Los poemas de Cuello Almonacid colocan atención a la rutina en la que se hace el día a día: «me habla/ cuenta sus cosas/ lo escucho/ con todo el tiempo del mundo/ como si aquellas cosas/ sus cosas/ fuesen también mis cosas” (p. 17). El tiempo de la infancia es el presente y compartir esa experiencia nos hace niños de nuevo porque conectamos con ese tiempo que una vez tuvimos: «ya es hoy/ dice mi hijo al despertar/ con la tranquilidad de no ser mañana» (p. 79). Estos poemas, que no en su forma, pero en su fondo, juegan con el ritmo y profundidad del haiku están atravesados por una sabiduría que con ternura observa la vida de los otros: «¿los niños se quedarán en la infancia?» (p.69) nos interroga el poema. ¿Qué queda en nosotros de la niñez? ¿Qué entregamos a la niñez de los demás? Me atrevo a insinuar que se escribe poesía para responder y hacer preguntas sobre la experiencia de estar vivo y la memoria de los afectos, entre otros motivos.

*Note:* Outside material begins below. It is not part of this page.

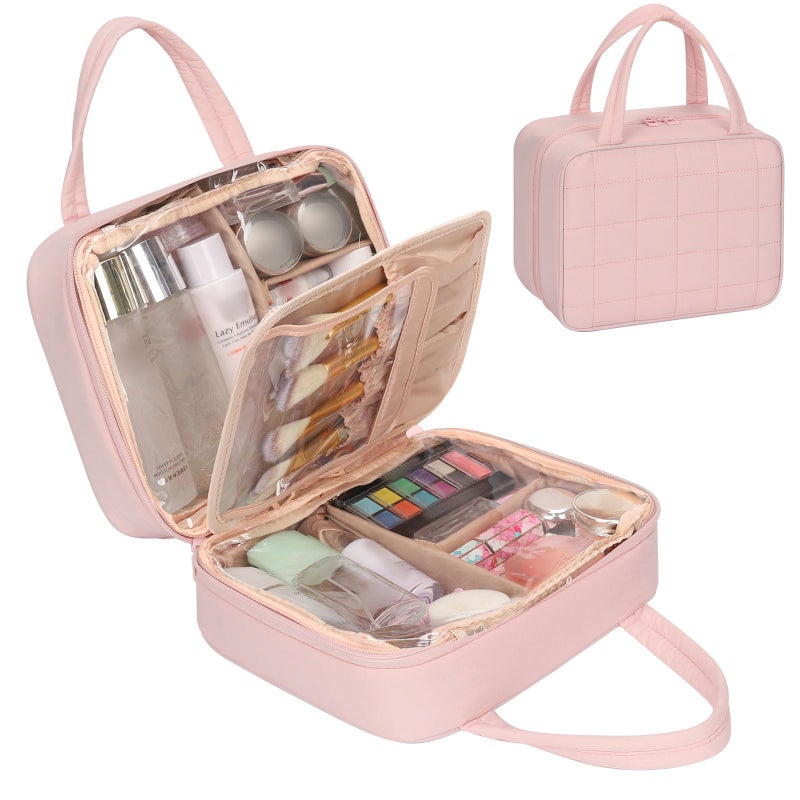 onemoky Travel Makeup Bag Large Capacity Cosmetic Bag Portable Make Up Bag Organizer for Women Waterproof Cosmetic Travel Bag with Dividers and Brush Compartment for Cosmetics Toiletries - Image 2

Complementan los textos de Todos los hijos del mundo, una serie de fotografías intervenidas con dibujos y frases que reproducen las dinámicas de los niños. Abren la sección líneas en lápiz rojo , me atrevo a imaginar que podrían ser los primeros trazos de uno de los niños que se referencian en los poemas. El patio, las ventanas, el living de la casa, las bicicletas, de nuevo los juguetes: “El dinosaurio es el mejor amigo del niño” (p. 125). He conocido niños y niñas fascinados por el mundo prehistórico cuando aún no existían reglas, ni horarios, solo naturaleza y dinosaurios de todos los tamaños habitando el planeta y las formas de los seres evolucionando en el Precámbrico. Por ejemplo, Dickinsiona era un organismo pluricelular, mero alcance con el apellido de la poeta norteamericana Emily Dickinson. En este periodo comienza la diversidad genética que abre la vía a todos los seres, vegetales y animales que aparecerán después..

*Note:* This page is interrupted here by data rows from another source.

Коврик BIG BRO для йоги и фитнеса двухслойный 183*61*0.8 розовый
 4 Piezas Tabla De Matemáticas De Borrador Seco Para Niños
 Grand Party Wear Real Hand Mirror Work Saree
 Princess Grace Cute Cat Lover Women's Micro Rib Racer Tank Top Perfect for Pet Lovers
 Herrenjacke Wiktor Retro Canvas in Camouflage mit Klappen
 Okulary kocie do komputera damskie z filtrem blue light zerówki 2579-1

Los niños y niñas son capturados por la fascinante imaginación de un mundo vacío antes de habitarlo nosotros y como ese vacío que los niños y niñas pueblan de objetos e historias encuentra un punto en común con el relato del origen, el mito. Cada libro es una experiencia y la poesía es un hilo con el que tejemos los afectos en el lenguaje: «a mi lado dos pequeños dinosaurios rumian las épocas [...]no quiero que se diluya este momento» (p.53) .

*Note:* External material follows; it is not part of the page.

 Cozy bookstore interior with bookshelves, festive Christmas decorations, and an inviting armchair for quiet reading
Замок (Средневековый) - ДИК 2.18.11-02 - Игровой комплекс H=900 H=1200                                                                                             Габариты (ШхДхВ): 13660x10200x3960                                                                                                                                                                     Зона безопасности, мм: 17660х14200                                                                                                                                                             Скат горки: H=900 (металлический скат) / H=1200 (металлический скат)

En el libro, las notas integradas a las fotografías invitan a deducir que los poemas fueron escritos en el invierno de la cuarentena entre 2021-2022 y recogen un momento de las vidas que continúan su curso y a veces, la poesía, nos ayuda a acercarnos a ese otro mundo el de los hijos y las hijas, a la vez desconocido y familiar: «un niño señala el viento/ algo intenta decirme/ se precipita al patio» (p.49). El libro de Cuello Almonacid nos invita a estar atentos en la escucha, en el juego y en las pesadillas. El tiempo de los adultos se integra al tiempo de los niños en unos poemas que abrazan la memoria para unirse al continuo canto del ser humano.